Most events would be concentrated along the lakefront and on the South Side. So lots of people who use Lake Shore Drive regularly have opinions about plans to close two lanes of Lake Shore Drive each way to local traffic.  

Karen Gomez is one of them.

GOMEZ: I think the income for the city is going to be great, the revenue. However, I think, as far as the commuting for the locals, it’s going to be difficult.
KALSNES: So what would your commute be like with two lanes shut down?
GOMEZ: Horrific (laughs). Doubled, or, hopefully not tripled, but at least doubled.

MENENDEZ: I guess I’ve been stuck in traffic for 36 years, so I guess the Olympics doesn’t bother me too much.

Brenda Menendez is a stay-at-home mom who uses the Drive every day.

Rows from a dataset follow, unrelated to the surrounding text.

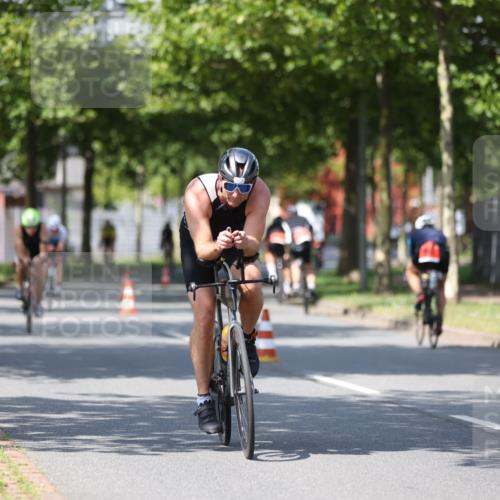 10.08.2025 - GEWOBA Citytriathlon Bremen Yannick Fuchs http://msf.ph/oto/8549267 10.08.2025 12:18:02 Radfahren 553, 560, 579, 582, 741, 765, 794, 833, 867, 933, 966, 977 meine-sportfotos.de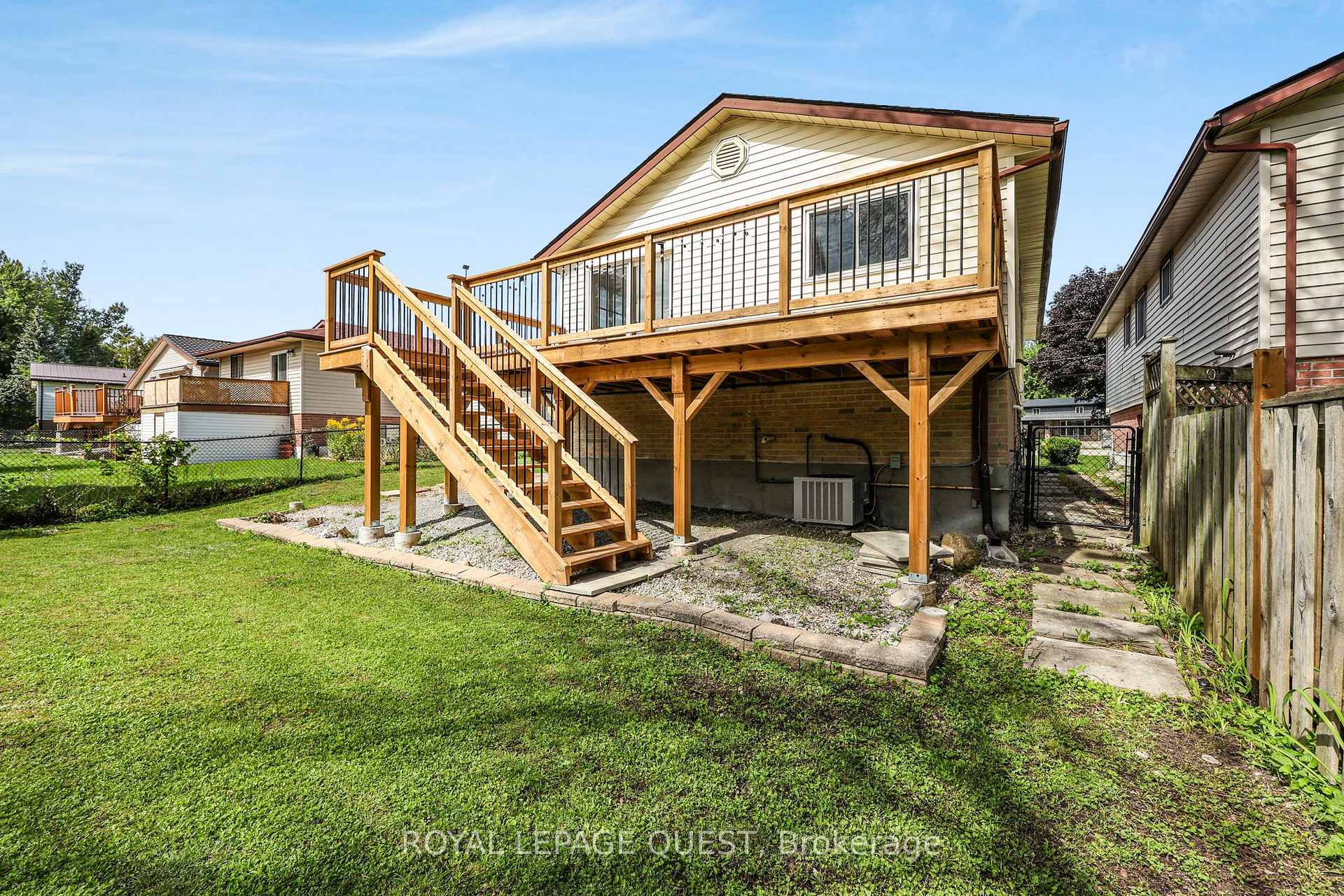 Photo 29 of 453 Mooney Crescent, Orillia — HOMEH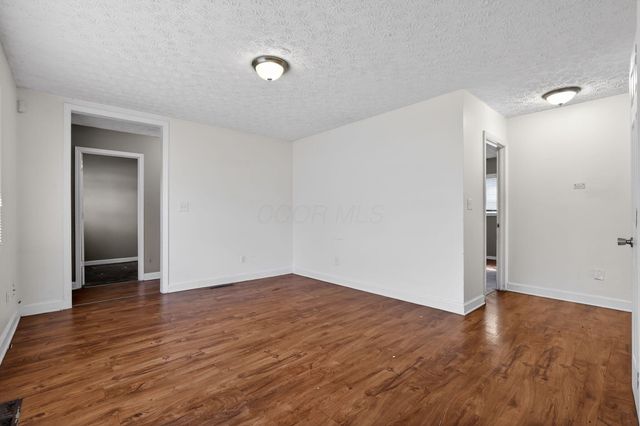 3041 Bluefield Drive, Columbus, OH 43207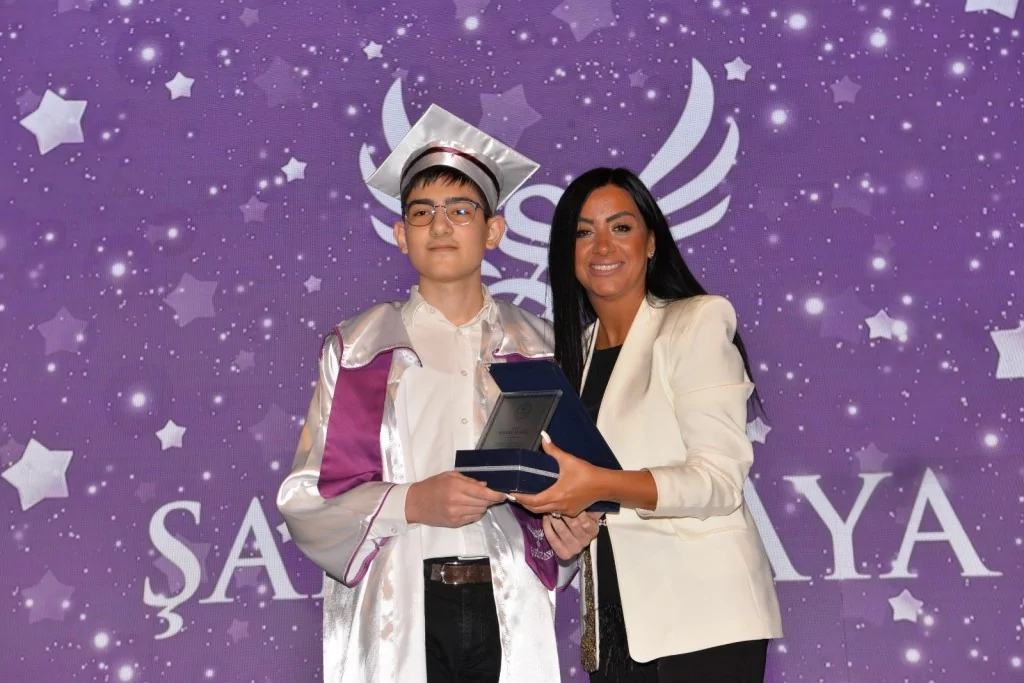 Şahinkaya'nın yıldızlarına görkemli mezuniyet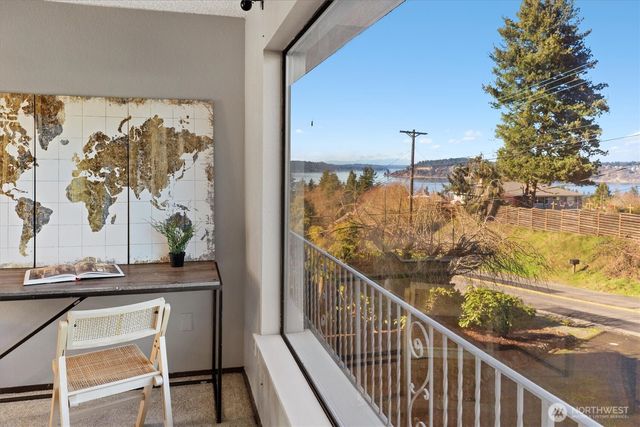 7916 19th St W, Tacoma, WA 98466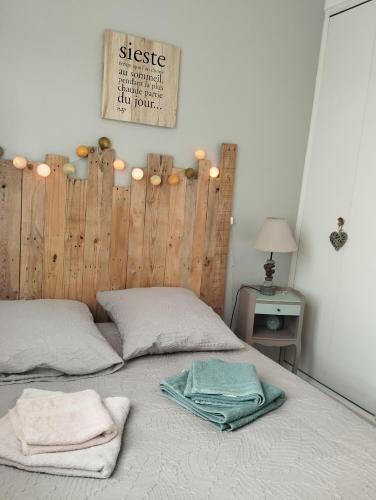 a bedroom with a bed with two towels on it at Appartement avec Vue sur Mer in Criel-sur-Mer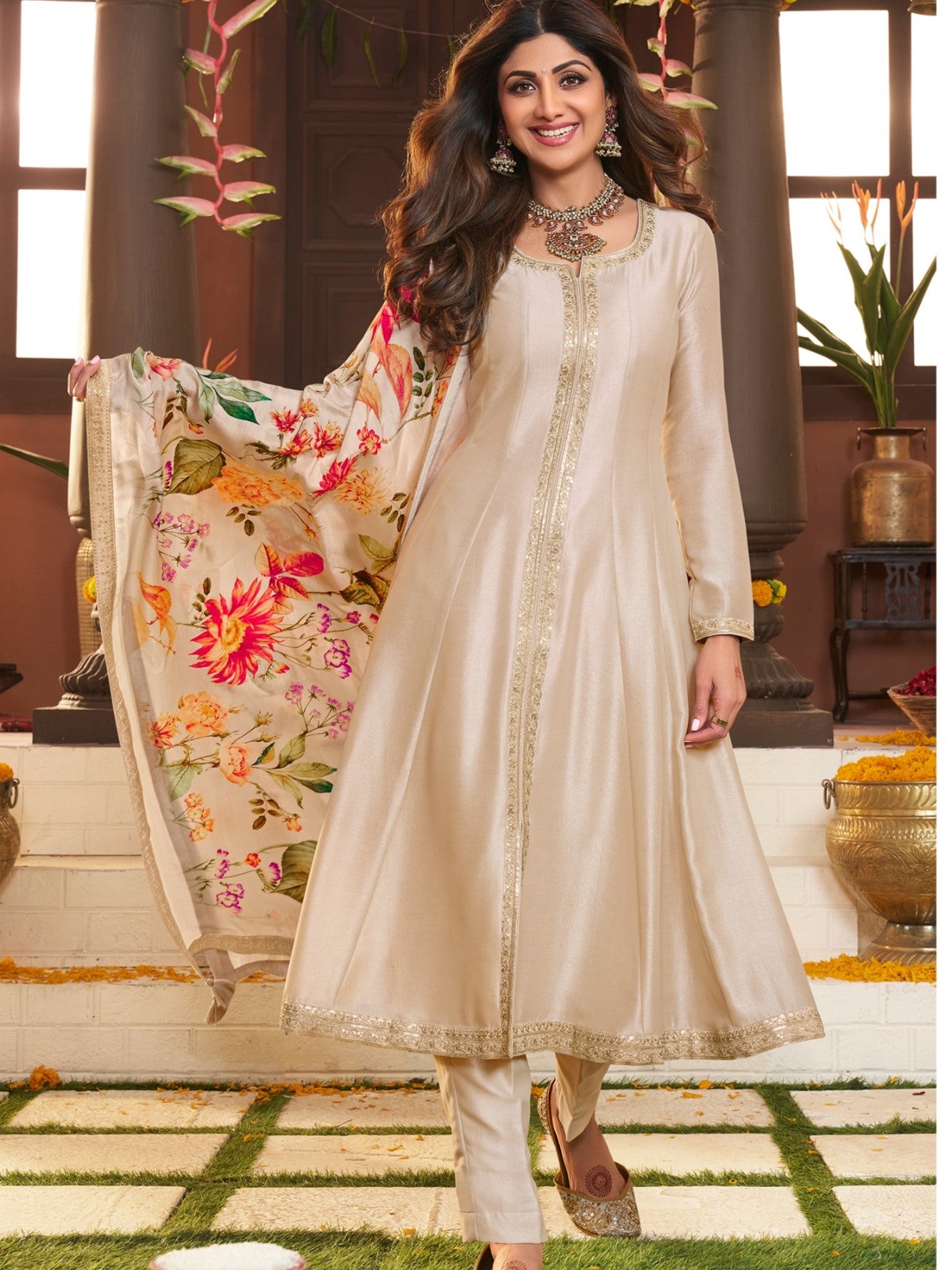Mahira Flair Kamiz & Pant - Roop Darshan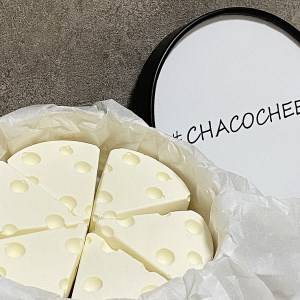 【定期便】ホワイトチョコ レアチーズケーキ 2ホール(直径15cm) × 12ヵ月【全12回】 #CHACOCHEE （ レアチーズ ホワイトチョコ ヨーグルト クリームチーズ 人気 ふるさと納税 ）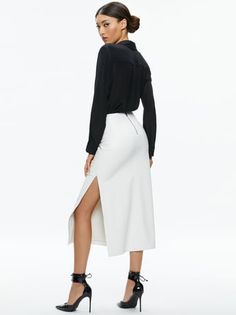 PREP STYLE | Alice and Olivia Chic Midi Dress With Lined Skirt, Chic Flared Midi Dress For Work, Chic Midi Dress With Flared Skirt For Work, Fall Night Out Midi Pencil Skirt, Trendy Maxi Skirt For Night Out, Sleek Midi Skirt, Chic Midi Pencil Skirt For Date Night, Midi Pencil Skirt For Date Night In Fall, Chic Midi-length Skirt For Date Night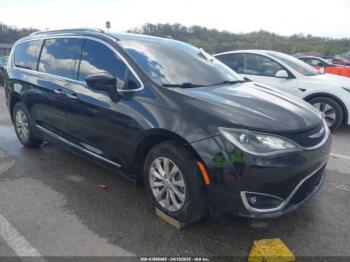  Salvage Chrysler Pacifica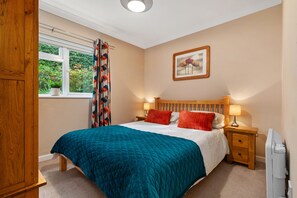 2 bedrooms, iron/ironing board, travel cot, free WiFi - St Helens Apartment 2 - Short Walk to Beach (Wisemans Bridge)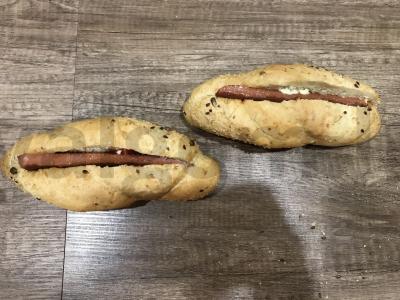 Karštas šuo su dešrele ir raudonuoju svogūnu grūdų bandelėje Žingsnis 3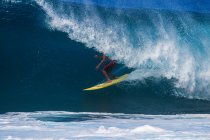 Surfista cabalgando a través de una ola de barril - foto de stock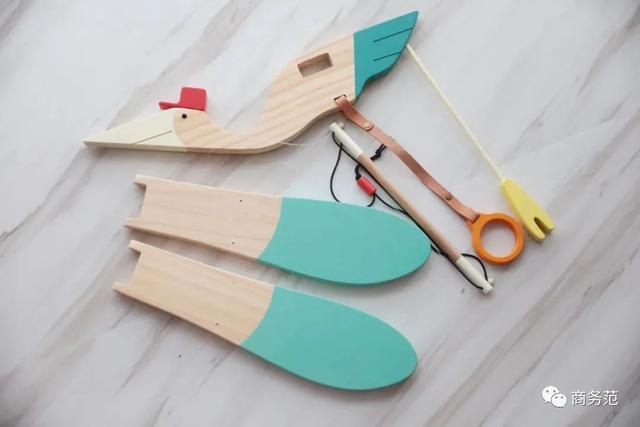 给新生宝宝买什么礼物好(新生宝宝礼物清单)(82)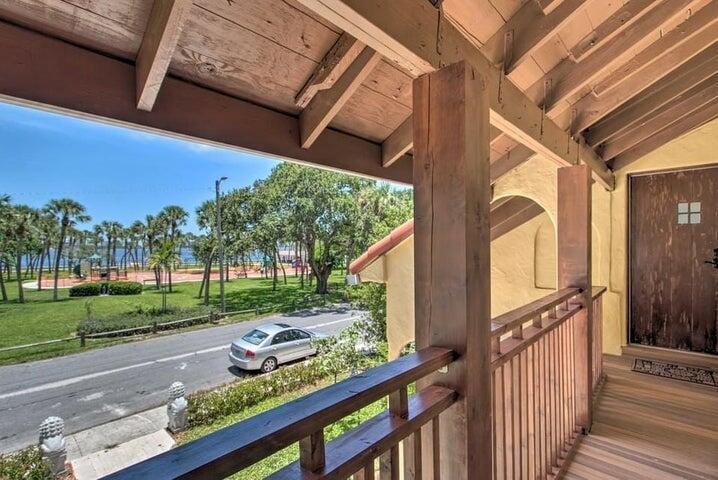 407 S LAKESIDE Drive # D, FL 33460 photo 2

MENENDEZ: Chicago is a beautiful city, and I’m proud to be a Chicagoan, and I think it would be fantastic to showcase it to the rest of the world.

The bid book doesn’t just call for Olympic lanes on Lake Shore Drive and one lane of many major highways. It addresses another big concern of residents of an urban center like Chicago: mass transit. The plan there is to use existing infrastructure to move people around and add services like shuttles, additional buses and more frequent trains.

Doug Arnot with Chicago 2016 says the area might get more federal money for transit improvements that have been on the drawing board.

ARNOT: We anticipate that there will be significant transportation projects that will be accelerated, pulled forward if you will, 10 to 20 years to improve transportation in the city of Chicago as a result of if we were lucky enough to win the games.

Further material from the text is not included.